The past thirty years were not easy for Lindy Chamberlain-Creighton and her ex-husband. Many Australians did not believe their story, that a dingo took their baby from a campsite in the Outback. They were so scrutinous regarding their story that some would even howle like a dingo when they passed their home.
For Lindy Chamberlain-Creighton the scrutiny and authorities lack of evidence meant serving time in jail. She was blamed for her baby’s death and sent to spend three years in jail. Eventually all charges were dropped, but it more years had to pass before a coroner finally confirmed her story. An Australian coroner announced on Tuesday that a dingo was to blame for the baby’s disappearance in the end.

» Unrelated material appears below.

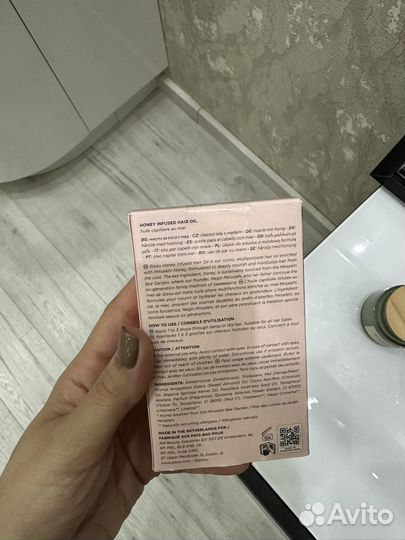 Масло для волос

Coroner Elizabeth Morris finally closed the case. She said the “evidence is sufficiently adequate, clear, cogent and exact” and it “excludes all other reasonable possibilities”. Plus, if before 1980 dingo attacks on babies were not documented, at least three fatal attacks on children have been attributed to wild dogs since then.

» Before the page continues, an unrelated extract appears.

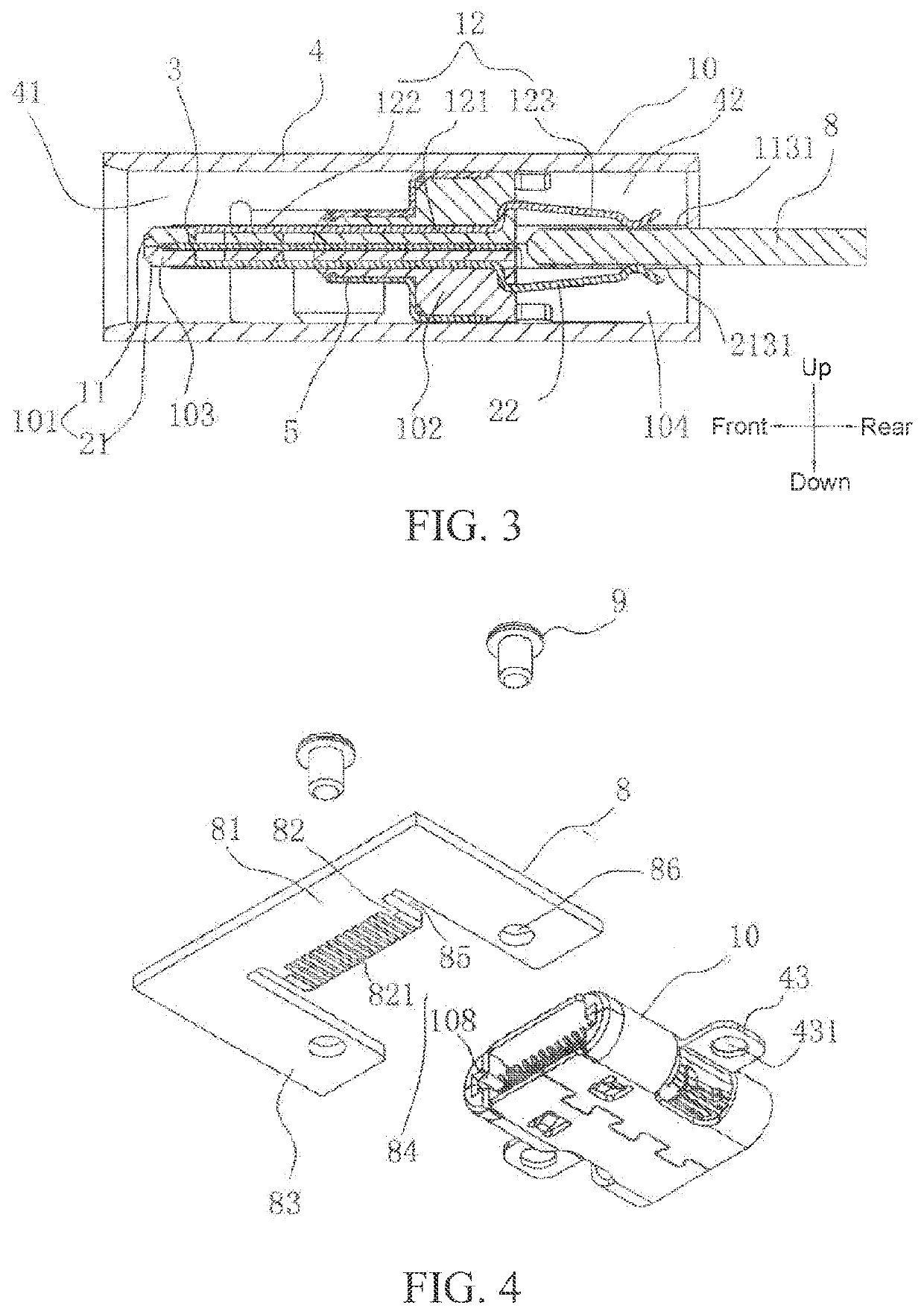 Electrical connector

Lindy Chamberlain-Creighton told reporters: “We’re relieved and delighted to come to the end of this saga. No longer will Australia be able to say that dingoes are not dangerous and only attack if provoked”. “We live in a beautiful country, but it is dangerous and we would ask all Australians to beware of this and take appropriate precautions” added Lindy Chamberlain-Creighton.
Baby Azaria and her parents were out in a campsite in the Outback, near Ayers Rock. She disappeared on August 17, 1980 and the controversial circumstances were featured in a movie eight years later, called “A Cry in the Dark”. The mother was accused of killing her own daughter by using nail scissors to slash her throat so it would look like a dingo attack.
The coroner however, confirmed Lindy Chamberlain-Creighton’s story, that after Azaria was put in the tent, one or more dingoes took her and either “dragged or carried her from the area”.